Similar to last week, I will discuss a paper about input segmentation. The paper is not directly about machine translation or multilinguality but brings interesting insights for Transformer models in general. The title of the paper is How BPE affects memorization in Transformers, it has authors from Facebook AI and the preprint appeared on Thursday on arXiv.

The paper presents a series of experiments with Transformer models for natural language inferences and different sizes of BPE-based vocabulary by which they want to measure to what extent the models memorize the training data (while ignoring generalization). They came up with three measures for memorization:

  1. Being able to memorize data with random labels;

  2. Comparing the confidence of the model on training and validation data;

  3. Ability to reconstruct the training data.

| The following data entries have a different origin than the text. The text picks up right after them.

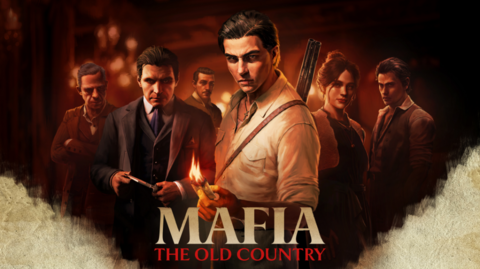 The image shows key art from the game Mafia: The Old Country; there are five people posed in the poster with one of them holding a weapon.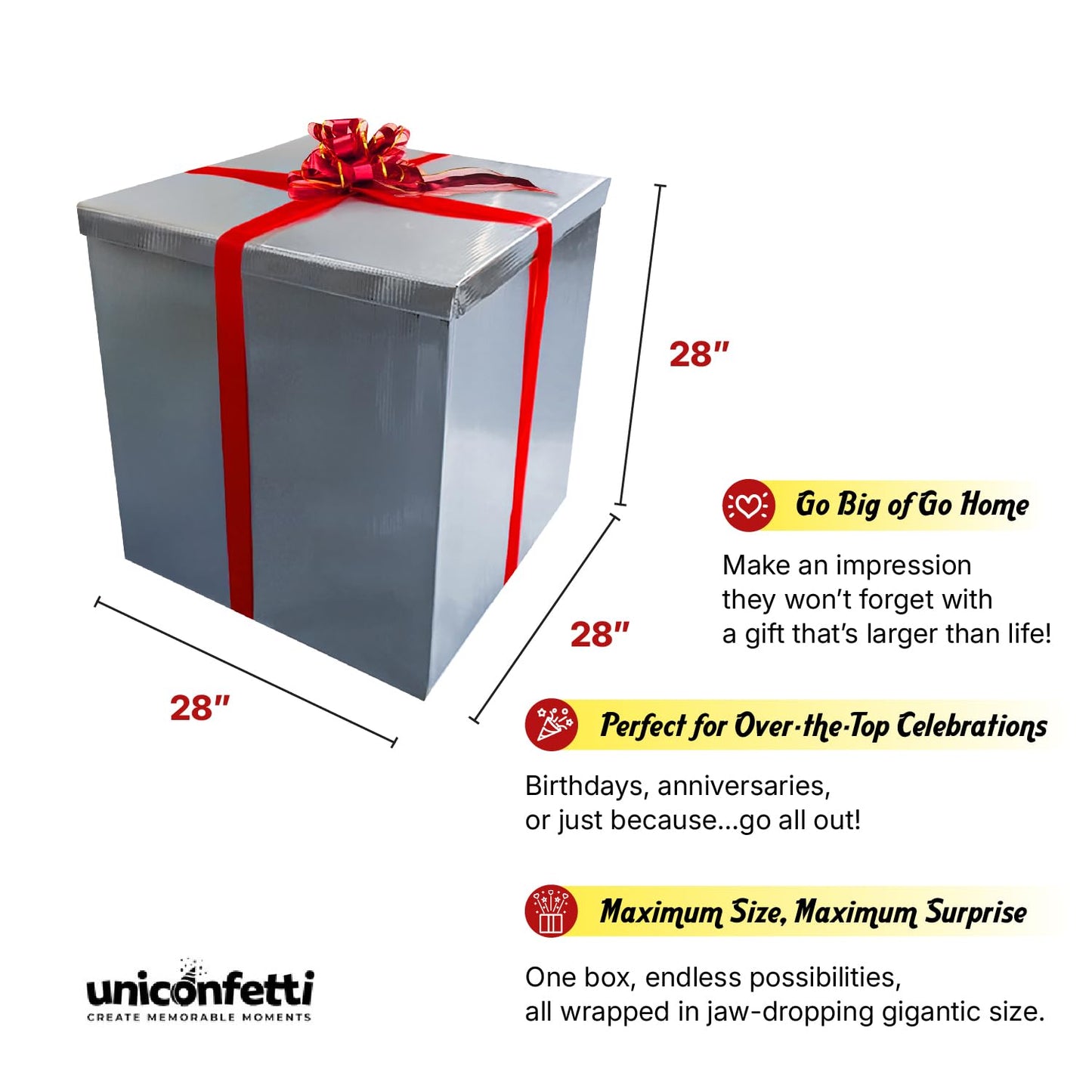 Giant Gift Box Silver Cardboard Decorative Box with Lid, Silver Gift Box for Birthday Surprise, Pregnancy Announcement, Gender Reveal, Christmas Presents and Other Celebrations (Size: 28x28)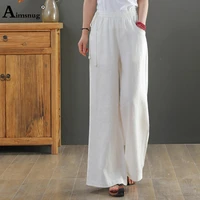 2022 summer cotton linen pants women fashion straight leg pants oversize womens casual all matched loose elastic waist trousers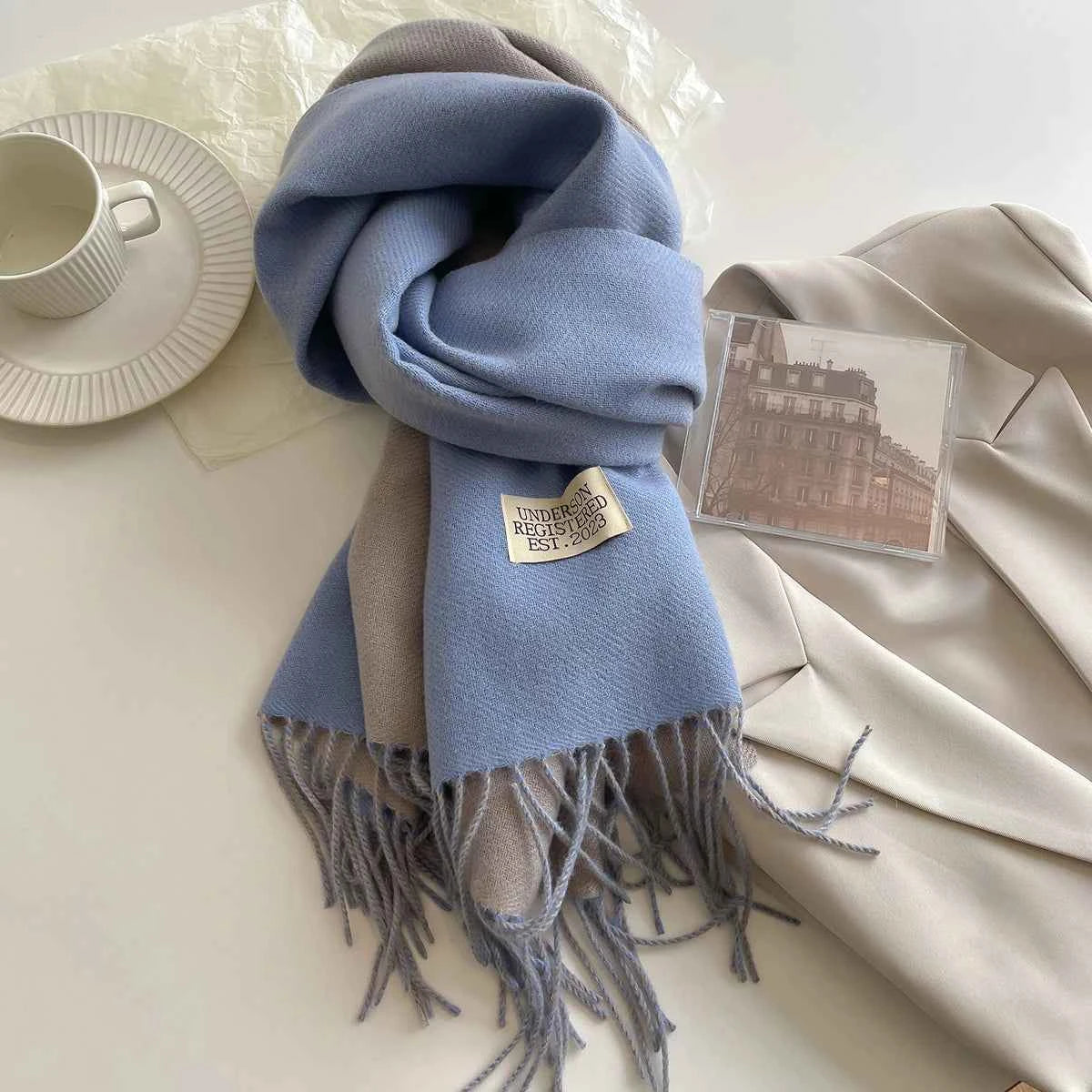 Warm Winter Cashmere Scarf – Fashionable Double-Sided Shawl Wrap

An obvious question: how can a classifier reconstruct the training data? The answer is: the classifier can be in fact a language model that predicts the classification label as the last token after the sentence. Besides this special setup, they also tried a standard classifier on top of a Transformer encoder and training with the masked language modeling objective.

All the experiments show that the larger the vocabulary, the more the models tend to memorize. This sounds like a trivial claim: more parameters mean more memorization. The authors however hypothesize that this is due to the sequences being shorter. To support the claim, they conduct further experiments to disprove that the reason is the number of parameters in the embedding layer or that the is due to compressing the input information (having in mind that BPE was originally a compression algorithm).

Their conclusion that it is the sequence length that matters makes intuitive sense. The Transformer architecture internally compares all input token pairs many times and the number of token combinations grows quadratically with the sequence length. When we imagine the classification as searching for particular relation in the input, it totally makes sense that the fewer possible relations we have, the easier it is to find something.

I guess this can lead to interesting applications. If we can say in advance or somehow learn what is worth memorizing (e.g., idioms) and what not (proper names), it might be possible to design segmentations with desirable properties leading to better generalization. Or maybe the best thing might be learning the segmentation jointly with the models, which is obviously a hard task (otherwise someone would have already done that).